The UK’s largest retailer will update investors and analysts over its financial performance for the year to February in an update on Thursday April 13.
A consensus of analysts has said Tesco is due to reveal a strong rise in sales but lower profits due to the challenging backdrop for costs.
It is predicted to unveil a group adjusted operating profit of £2.6 billion for the year, which would be down from £2.8 billion a year earlier.
Profitability has been dented by rocketing energy prices and higher labour costs over the past year.
UK Consumer Price Index (CPI) inflation saw a shock increase to 10.4 per cent in February due to increased pressure on food prices, which worsened as a result of recent fruit and vegetable shortages.
Food and non-alcoholic drinks prices rose by 18 per cent year on year in February, according to the Office for National Statistics (ONS).
What are investors expecting?
Tesco’s buying power will have shielded the group from inflation quite this high but chief executive officer Ken Murphy said at the firm’s previous update in January that it expected more inflation to hit the retailer.
Shareholders will be eager for the company to outline whether its cost inflation is starting to ease back yet or if profits are likely to remain constricted for longer.
Profitability has also been dented by the retailer’s investment in prices to keep customers coming through the door in the face of the continued growth of German discounter rivals Aldi and Lidl.

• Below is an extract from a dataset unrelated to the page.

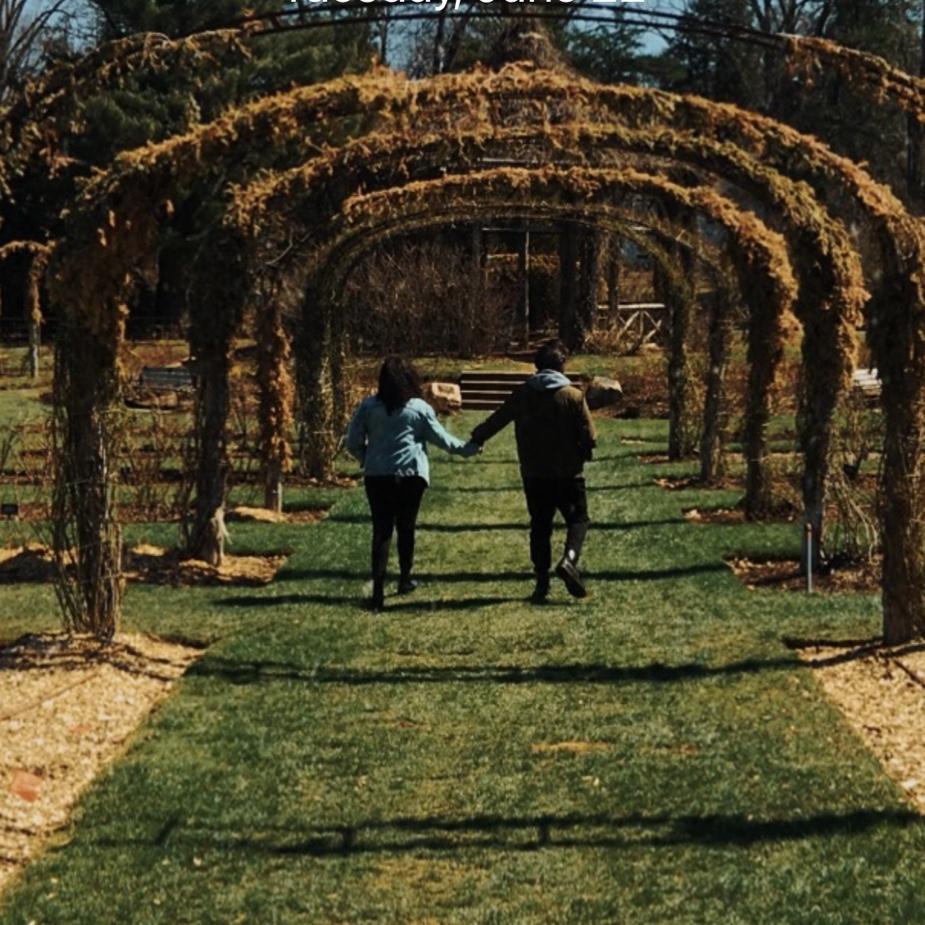 Walking in Elizabeth Park in Hartford, CT. (Apr. 2021)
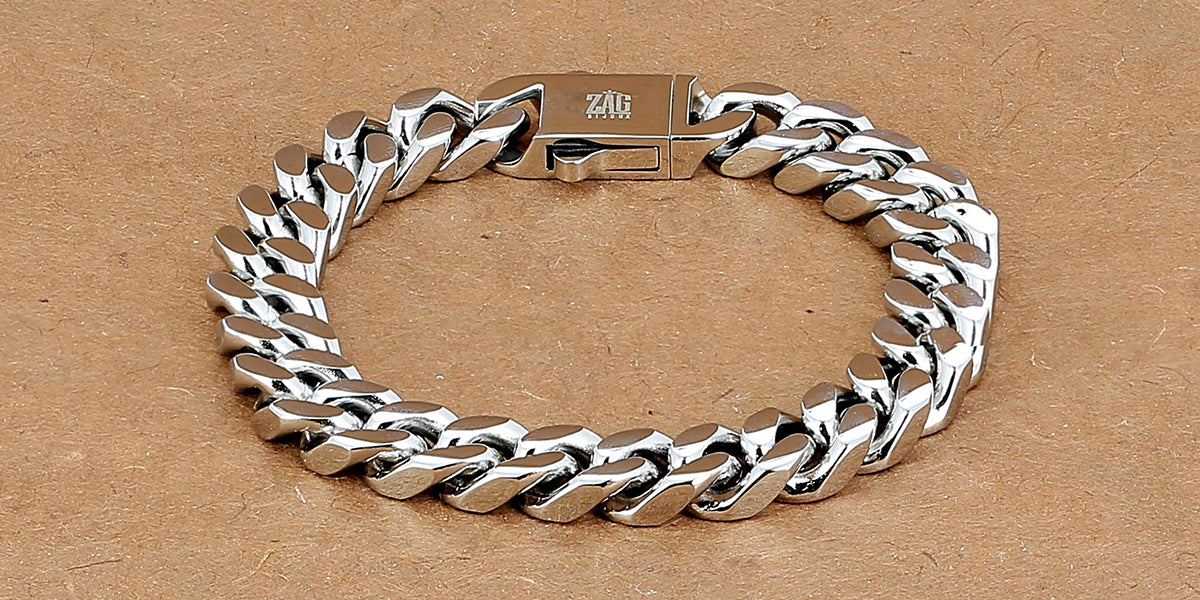 Jules bracelet (Steel) – Zag Bijoux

The efforts on value have helped support significant sales growth, with revenues expected to have risen to £65.7 billion over the past year from £54.8 billion.
Analysts have suggested that shareholders will be looking for efforts from the company to continue to support its market share amid the volatile economic backdrop.
“As the market leader, the group has market share of over 27% but, because of tough conditions, supermarkets like Aldi are enticing new customers,” said Sophie Lund-Yates, lead equity analyst at Hargreaves Lansdown.
“We don’t expect the league tables to be upended. But it will be important to assess if Tesco’s share has been nibbled away at, which would suggest consumer pressure is higher than previously thought.”
Bosses at Tesco will also have an opportunity to keep shareholders updated regarding its current strategy, which has seen the company cut further costs, such as through a management overhaul announced in January which cut around 2,100 jobs.
Sky News reported in February that the group was also reviewing the future of its banking arm.